[SUPPLIED DATA Boundary: Start]
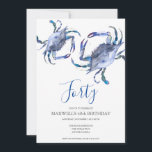 Blåkrabbbåt 40:e födelsedagsinbjudan inbjudningar<br><div class="desc">Berätta för A Belles kustkrabba 40:e födelsedag bjud in ramar med din händelseinformation med en överkant av blåa vattenkrabbor. En matchande blå lägger till baksidan av inbjudan. En fyllig chic, men ändå modernt val för din Födelsedagsfest eller din strand party. Ord kan ändras till 50:e, 70:e, 80:e, Cheers till 60...</div>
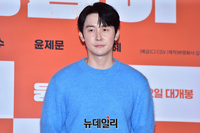 [포토] 김준한 '시선집중 하늘색 의상'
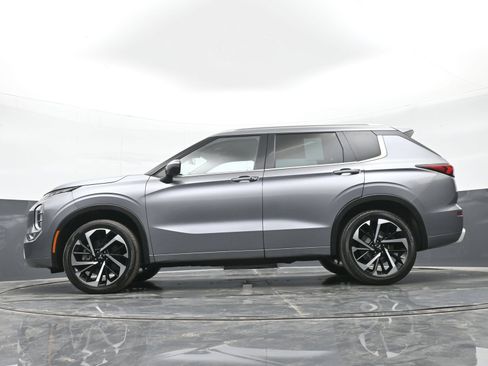 Used 2022 Mitsubishi Outlander SEL FWD image 43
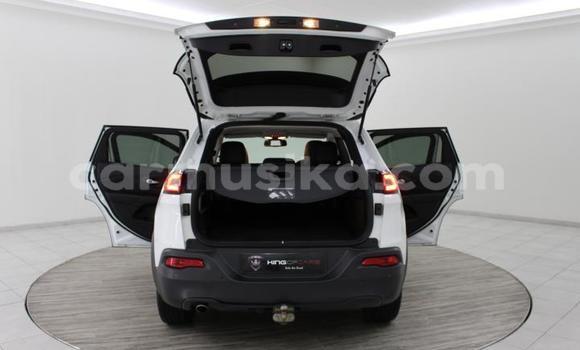 Nunua Ilio tumika Jeep Cherokee Nyeupe Gari ndani ya Beitbridge nchini Matabeleland Kusini Nunua Ilio tumika Jeep Cherokee Nyeupe Gari ndani ya Beitbridge nchini Matabeleland Kusini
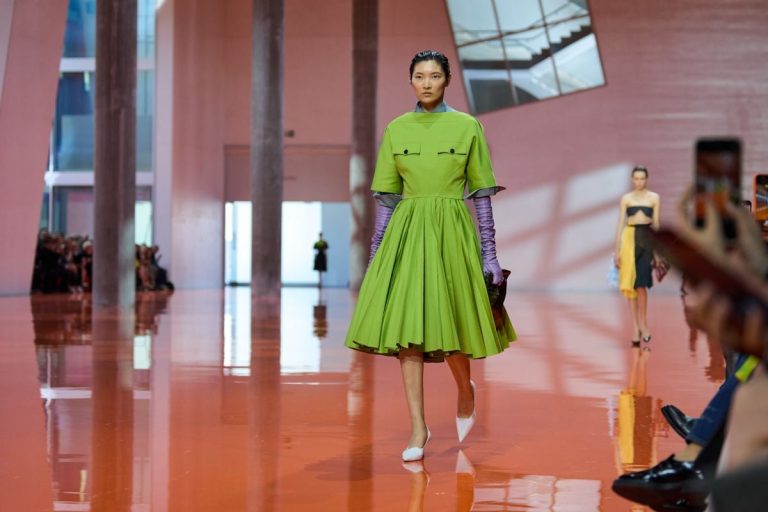 اللون الأخضر يسيطر على موضة ربيع وصيف 2026… انتعاش وأناقة طبيعية اللون الأخضر يسيطر على موضة ربيع وصيف 2026… انتعاش وأناقة طبيعية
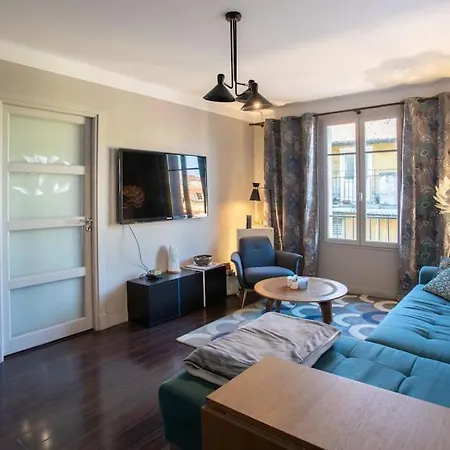 Apartment #39 Old Town 3 Bdr Ac Balcony 5mins Walk To Sea Nice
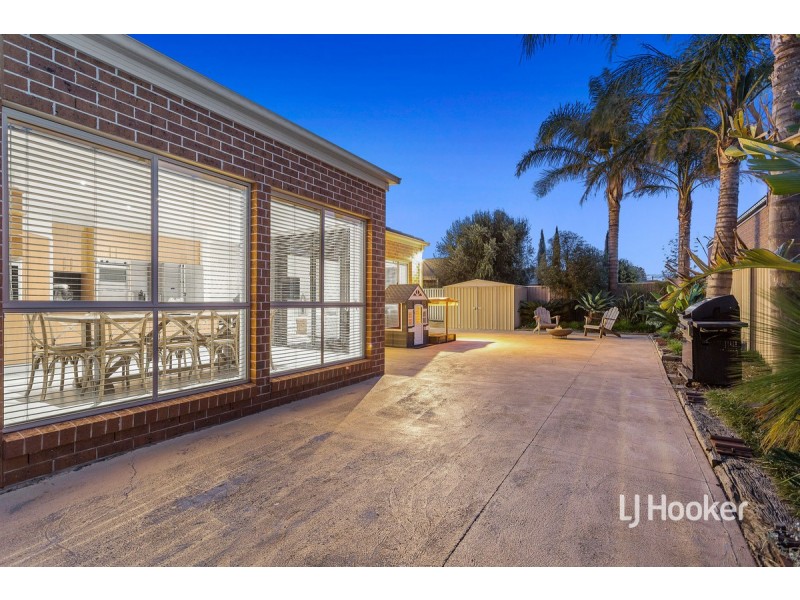 76 Lennon Boulevard, Point Cook VIC 3030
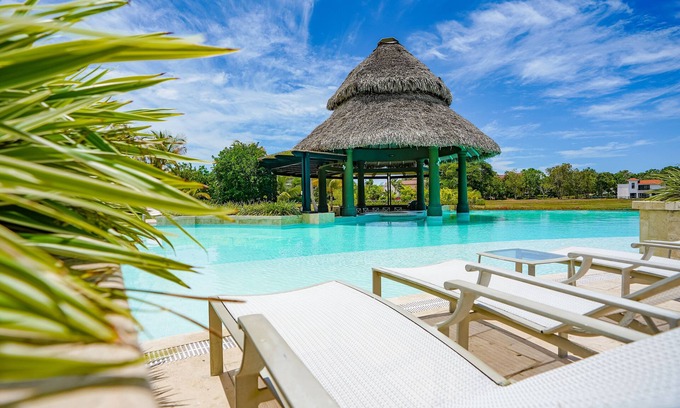 Playa Blanca Villa | Lake House - Private Pool - Sleeps 12 - Elegant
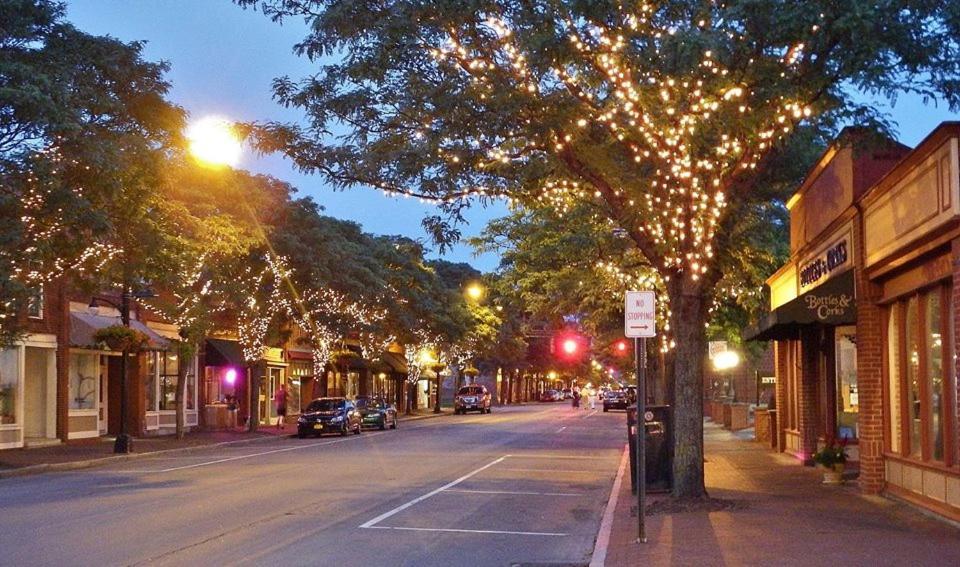 Rosewood Inn Corning Esterno foto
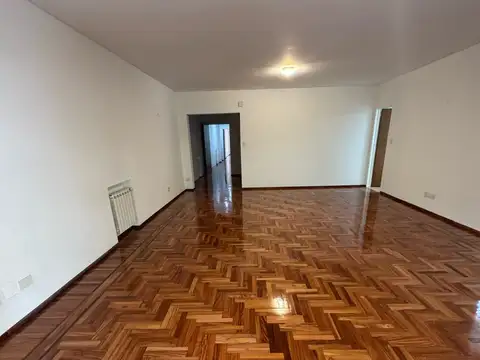 3 DE FEBRERO  al 2100 LUMINOSO AMPLIO TOTALMENTE REFACCIONADO !!!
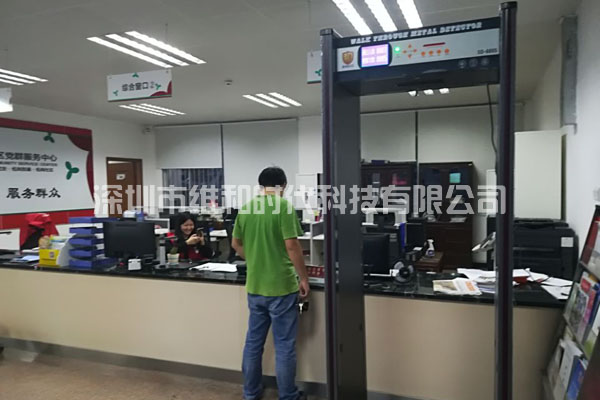 松崗交警中隊_松崗社區(qū)_松崗派出所_松崗司法所采購我司SD-600S金屬安檢門[圖]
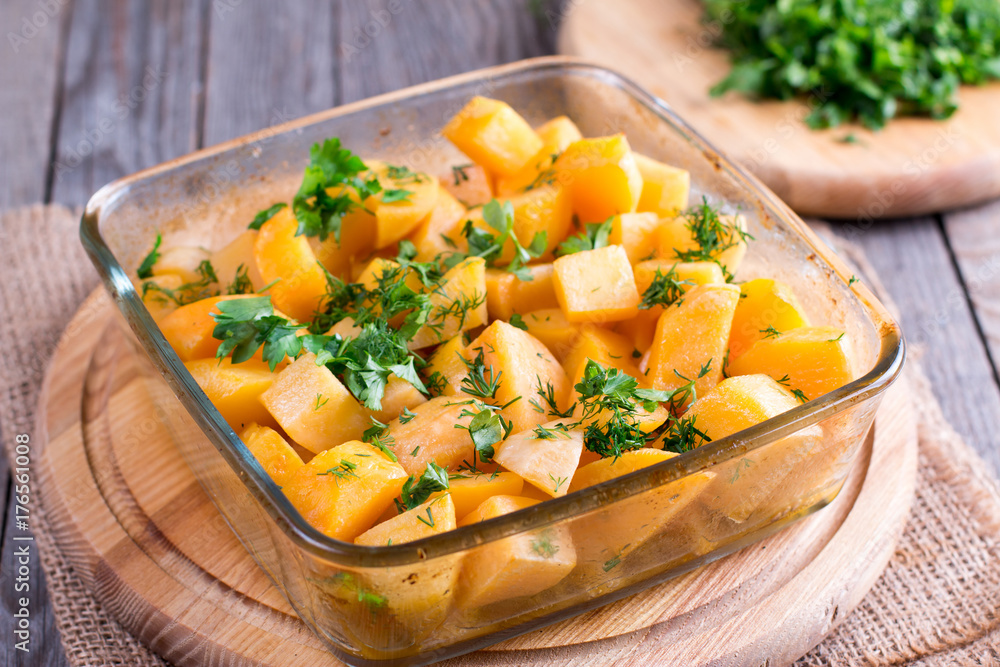 Aromatic pumpkin casserole with olive oil and herbs Aromatic pumpkin casserole with olive oil and herbs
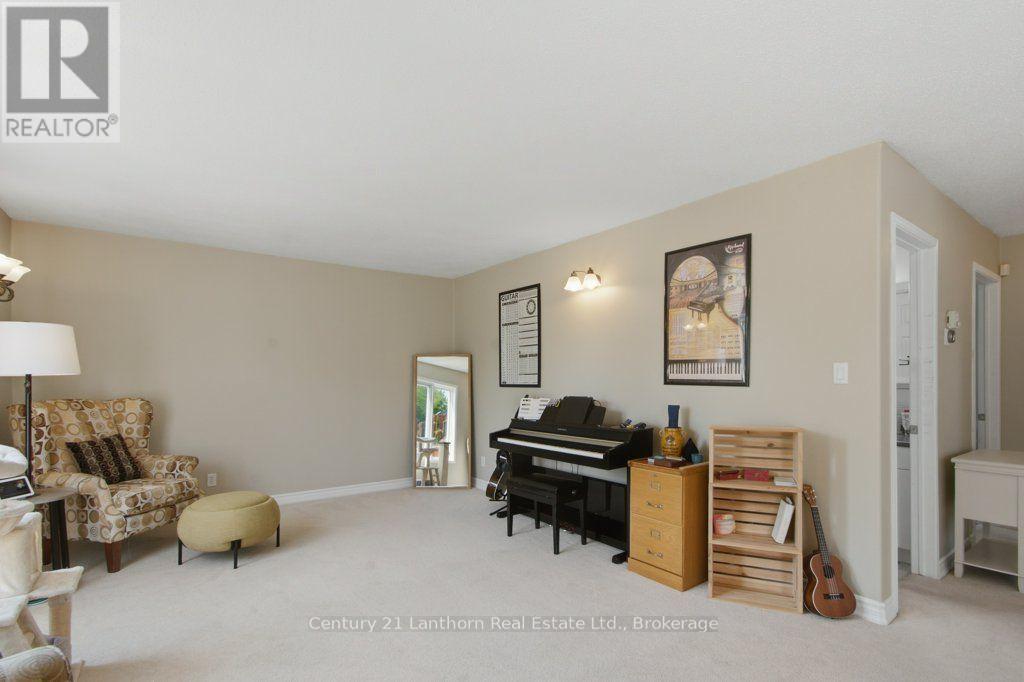17 MAYHEW DRIVE - 12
[SUPPLIED DATA Boundary: End]
In the data above, find the line with "76 Lennon Boulevard, Point Cook VIC 3030" and repeat it and every line after it through the end, exactly; leave the pictures out.

 76 Lennon Boulevard, Point Cook VIC 3030
 Playa Blanca Villa | Lake House - Private Pool - Sleeps 12 - Elegant
 Rosewood Inn Corning Esterno foto
 3 DE FEBRERO  al 2100 LUMINOSO AMPLIO TOTALMENTE REFACCIONADO !!!
 松崗交警中隊_松崗社區(qū)_松崗派出所_松崗司法所采購我司SD-600S金屬安檢門[圖]
 Aromatic pumpkin casserole with olive oil and herbs Aromatic pumpkin casserole with olive oil and herbs
17 MAYHEW DRIVE - 12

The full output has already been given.